--- What is being asked ---
Any picture in the range stays out of the copy; retype exactly the lines from the one with "Пижама детская KAFTAN" to the end of the listing.

--- Information shown ---

************

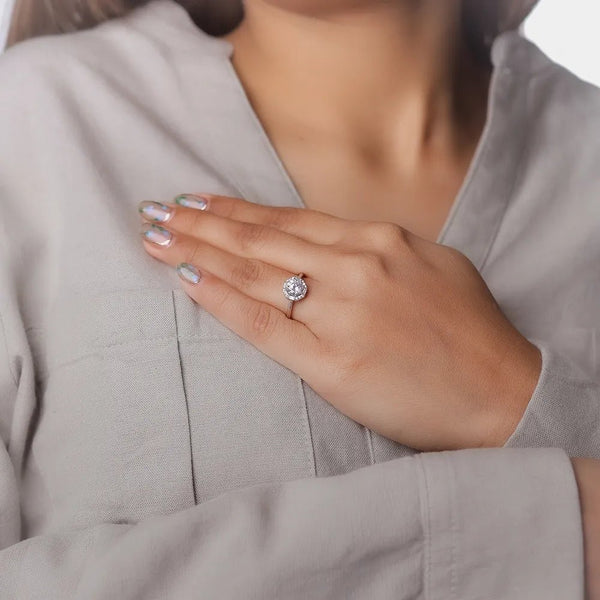 925 Silver Radiant Hexa Ring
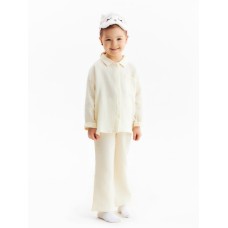 Пижама детская KAFTAN "Муслин", р.32 (110-116см), молочный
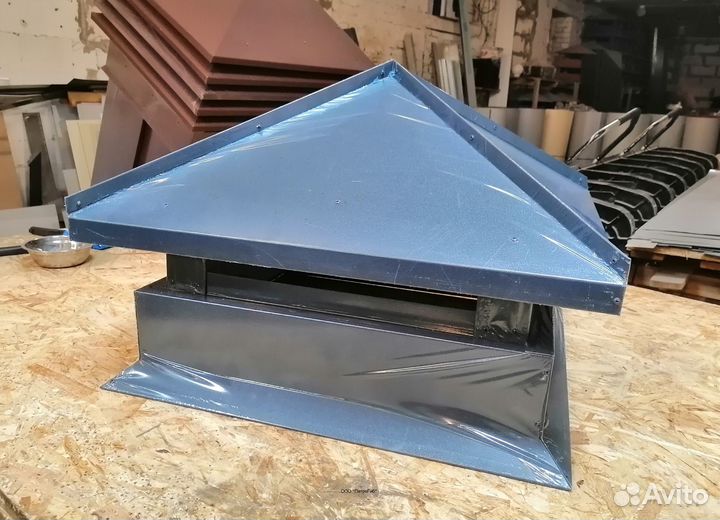 Дымник на трубу, оголовок, флюгарка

************

--- Result of the task ---
 Пижама детская KAFTAN "Муслин", р.32 (110-116см), молочный
 Дымник на трубу, оголовок, флюгарка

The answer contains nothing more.